| EXERCISE DESCRIPTION |
Quote all entries in full, exactly.

| RECORD EXCERPTS |
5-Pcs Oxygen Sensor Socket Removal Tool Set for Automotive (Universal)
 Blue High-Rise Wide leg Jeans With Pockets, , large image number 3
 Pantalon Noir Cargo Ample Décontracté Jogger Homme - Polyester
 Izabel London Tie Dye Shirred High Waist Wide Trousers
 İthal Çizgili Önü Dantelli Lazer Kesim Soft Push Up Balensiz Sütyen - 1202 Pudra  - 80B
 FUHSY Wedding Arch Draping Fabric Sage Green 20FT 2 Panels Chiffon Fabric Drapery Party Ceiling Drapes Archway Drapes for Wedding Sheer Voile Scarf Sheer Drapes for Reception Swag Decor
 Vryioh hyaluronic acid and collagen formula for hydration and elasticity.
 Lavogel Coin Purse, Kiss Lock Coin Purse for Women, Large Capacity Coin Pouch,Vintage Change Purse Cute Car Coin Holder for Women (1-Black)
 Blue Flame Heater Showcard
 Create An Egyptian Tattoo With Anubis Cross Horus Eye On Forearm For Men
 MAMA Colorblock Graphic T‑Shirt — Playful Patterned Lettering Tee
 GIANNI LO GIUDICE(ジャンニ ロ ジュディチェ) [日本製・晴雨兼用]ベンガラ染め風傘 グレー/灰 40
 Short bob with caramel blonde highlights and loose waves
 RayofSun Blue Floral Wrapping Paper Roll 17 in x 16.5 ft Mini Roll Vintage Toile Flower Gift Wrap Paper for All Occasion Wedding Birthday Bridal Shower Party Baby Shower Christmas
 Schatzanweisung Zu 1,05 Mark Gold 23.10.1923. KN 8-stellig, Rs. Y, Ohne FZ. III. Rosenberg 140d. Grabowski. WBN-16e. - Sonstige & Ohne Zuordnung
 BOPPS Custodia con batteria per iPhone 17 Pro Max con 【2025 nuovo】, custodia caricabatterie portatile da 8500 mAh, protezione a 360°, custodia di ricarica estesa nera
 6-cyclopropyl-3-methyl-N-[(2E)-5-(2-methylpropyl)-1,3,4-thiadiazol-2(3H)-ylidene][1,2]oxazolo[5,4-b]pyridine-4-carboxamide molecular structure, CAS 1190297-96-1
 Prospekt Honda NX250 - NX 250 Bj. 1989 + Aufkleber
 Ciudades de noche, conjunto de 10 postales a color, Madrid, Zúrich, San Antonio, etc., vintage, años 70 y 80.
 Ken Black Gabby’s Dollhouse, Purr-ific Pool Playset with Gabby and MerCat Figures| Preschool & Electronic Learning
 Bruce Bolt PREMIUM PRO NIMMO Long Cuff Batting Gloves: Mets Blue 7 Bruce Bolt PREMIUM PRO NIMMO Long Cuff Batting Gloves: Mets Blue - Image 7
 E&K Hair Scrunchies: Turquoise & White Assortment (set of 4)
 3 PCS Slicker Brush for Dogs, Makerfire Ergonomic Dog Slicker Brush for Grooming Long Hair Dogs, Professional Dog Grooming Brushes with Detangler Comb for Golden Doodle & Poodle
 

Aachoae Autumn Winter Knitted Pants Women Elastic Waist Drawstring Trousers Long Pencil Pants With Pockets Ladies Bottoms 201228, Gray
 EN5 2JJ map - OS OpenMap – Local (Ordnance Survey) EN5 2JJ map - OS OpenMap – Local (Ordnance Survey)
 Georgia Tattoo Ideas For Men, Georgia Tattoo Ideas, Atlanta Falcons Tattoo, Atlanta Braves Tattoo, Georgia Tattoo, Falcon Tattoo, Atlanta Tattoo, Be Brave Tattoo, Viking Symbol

| WRITTEN RESPONSE |
5-Pcs Oxygen Sensor Socket Removal Tool Set for Automotive (Universal)
 Blue High-Rise Wide leg Jeans With Pockets, , large image number 3
 Pantalon Noir Cargo Ample Décontracté Jogger Homme - Polyester
 Izabel London Tie Dye Shirred High Waist Wide Trousers
 İthal Çizgili Önü Dantelli Lazer Kesim Soft Push Up Balensiz Sütyen - 1202 Pudra  - 80B
 FUHSY Wedding Arch Draping Fabric Sage Green 20FT 2 Panels Chiffon Fabric Drapery Party Ceiling Drapes Archway Drapes for Wedding Sheer Voile Scarf Sheer Drapes for Reception Swag Decor
 Vryioh hyaluronic acid and collagen formula for hydration and elasticity.
 Lavogel Coin Purse, Kiss Lock Coin Purse for Women, Large Capacity Coin Pouch,Vintage Change Purse Cute Car Coin Holder for Women (1-Black)
 Blue Flame Heater Showcard
 Create An Egyptian Tattoo With Anubis Cross Horus Eye On Forearm For Men
 MAMA Colorblock Graphic T‑Shirt — Playful Patterned Lettering Tee
 GIANNI LO GIUDICE(ジャンニ ロ ジュディチェ) [日本製・晴雨兼用]ベンガラ染め風傘 グレー/灰 40
 Short bob with caramel blonde highlights and loose waves
 RayofSun Blue Floral Wrapping Paper Roll 17 in x 16.5 ft Mini Roll Vintage Toile Flower Gift Wrap Paper for All Occasion Wedding Birthday Bridal Shower Party Baby Shower Christmas
 Schatzanweisung Zu 1,05 Mark Gold 23.10.1923. KN 8-stellig, Rs. Y, Ohne FZ. III. Rosenberg 140d. Grabowski. WBN-16e. - Sonstige & Ohne Zuordnung
 BOPPS Custodia con batteria per iPhone 17 Pro Max con 【2025 nuovo】, custodia caricabatterie portatile da 8500 mAh, protezione a 360°, custodia di ricarica estesa nera
 6-cyclopropyl-3-methyl-N-[(2E)-5-(2-methylpropyl)-1,3,4-thiadiazol-2(3H)-ylidene][1,2]oxazolo[5,4-b]pyridine-4-carboxamide molecular structure, CAS 1190297-96-1
 Prospekt Honda NX250 - NX 250 Bj. 1989 + Aufkleber
 Ciudades de noche, conjunto de 10 postales a color, Madrid, Zúrich, San Antonio, etc., vintage, años 70 y 80.
 Ken Black Gabby’s Dollhouse, Purr-ific Pool Playset with Gabby and MerCat Figures| Preschool & Electronic Learning
 Bruce Bolt PREMIUM PRO NIMMO Long Cuff Batting Gloves: Mets Blue 7 Bruce Bolt PREMIUM PRO NIMMO Long Cuff Batting Gloves: Mets Blue - Image 7
 E&K Hair Scrunchies: Turquoise & White Assortment (set of 4)
 3 PCS Slicker Brush for Dogs, Makerfire Ergonomic Dog Slicker Brush for Grooming Long Hair Dogs, Professional Dog Grooming Brushes with Detangler Comb for Golden Doodle & Poodle
 

Aachoae Autumn Winter Knitted Pants Women Elastic Waist Drawstring Trousers Long Pencil Pants With Pockets Ladies Bottoms 201228, Gray
 EN5 2JJ map - OS OpenMap – Local (Ordnance Survey) EN5 2JJ map - OS OpenMap – Local (Ordnance Survey)
 Georgia Tattoo Ideas For Men, Georgia Tattoo Ideas, Atlanta Falcons Tattoo, Atlanta Braves Tattoo, Georgia Tattoo, Falcon Tattoo, Atlanta Tattoo, Be Brave Tattoo, Viking Symbol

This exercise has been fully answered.